Monday, July 23, 2007

F*** You Guys, I'm Going Home

I've been talking for a few days now about the ways in which Marvel systematically destroyed the Punisher franchise back in the mid 90s, but looking over what I've wrote I realize that I may have been a bit scant with details as to just what these stories entailed. Aside from a few mentions of the Demon Bounty Hunter Punisher (and really, can you possibly have enough mentions of the Demon Bounty Hunter Punisher?) the details themselves have not been forthcoming.

The reason for this is that, well, I barely remember these stories. Those that I read, I have mercifully blocked from my memory. Those that I did not read, well, thank God. The books were pretty dire for a number of reasons. I did, however, do some work to refresh my memory - if you are ever in need of any Marvel trivia, no matter how maddeningly inconsequential or painfully obscure, this is a great source. It's also really depressing, but that's another conversation.

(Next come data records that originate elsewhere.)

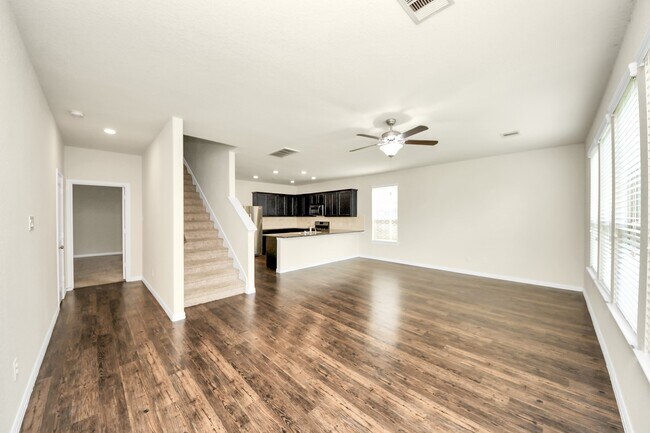 Building Photo - 1437 Northwood Springs Dr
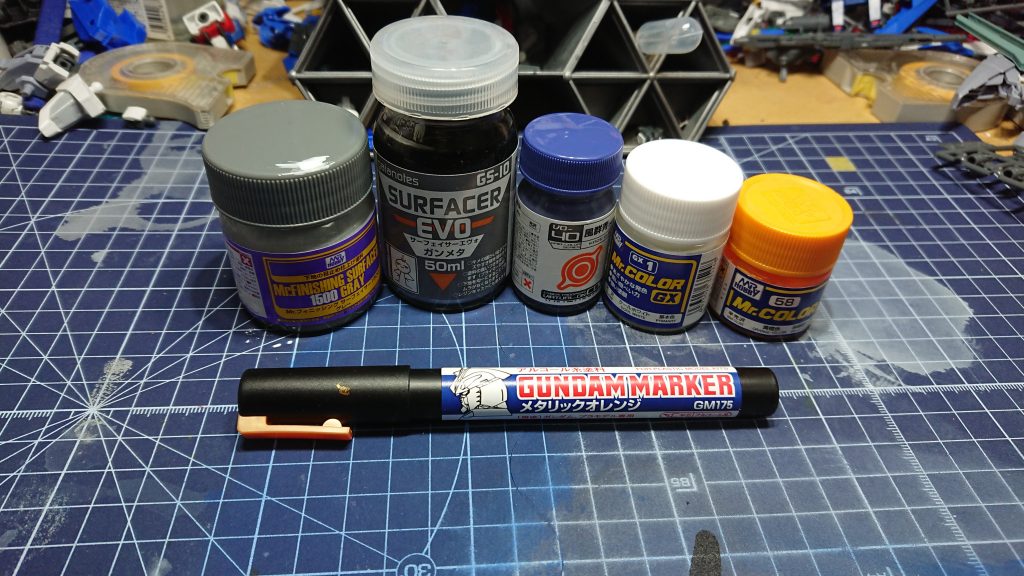 ──おまけ──
今回使った塗料レシピ
[サーフェイサー]
･Mr.color サーフェイサー1500グレー

[本体塗装]
白部分:Mr.color GXクールホワイト
青部分:ガイアノーツ 風群青
関節部:ガイアノーツ サーフェイサーエヴォガンメタ
部分塗装:ガンダムマーカー メタリックオレンジ

なお黄色と赤い部分は成型色になります。

とても珍しくムラがなく綺麗に塗装できたと思います！(自画自賛)



以上で終了となります！


いいねと思ったらｂボタンをポチッと
コメントも随時募集しております！

最後まで見ていただき
＼|宜|＜ありがとう
<|宜|┘＜そして
＼|宜|／＜ありがとう!!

Anyway: in 1994 the Powers That Be decided it was time to shake up the Punisher's status quo. So, they concocted a ten-part crossover that would run through all three Punisher titles (Punisher, Punisher War Journal and Punisher War Zone), "Suicide Run". The plot of the series was fairly straight-forward: there's a meeting being held with all the bosses of all the big crime families. The Punisher takes it into his head to crash the meeting. The easiest way to do so apparently involves simply blowing up the building in which the meeting was set to occur. (A good seven years before 9/11, but it's worth noting that the original World Trade Center bombing was still fresh in peoples' minds. I believe, if memory serves me well, the Punisher also intended to use a truck bomb to collapse the building from the basement levels. So classy!) Anyway, he blows up the building and is declared dead. The media makes a big deal about this. So while everyone else thinks the Punisher's dead, a bunch of other people take up "the mantle" of the Punisher:

Can anyone say "Reign of the Punishers"?

Anyway, the Punisher obviously didn't die in the building explosion, but the fact that he had blown up a building I guess made him a bigger priority for law-enforcement than he had been in the past. So - you've got half-a-dozen people running around in Punisher costumes, a bunch of cops and SHIELD agents running after the Punisher, and God knows what else going on. At some point you've got a series called "Pariah" running in Punisher War Journal detailing, I guess, how the Punisher had become even more of a pariah to the rest of the Marvel Universe. Which doesn't make a lot of sense considering he was an anti-social mass-murderer to begin with, but there you go.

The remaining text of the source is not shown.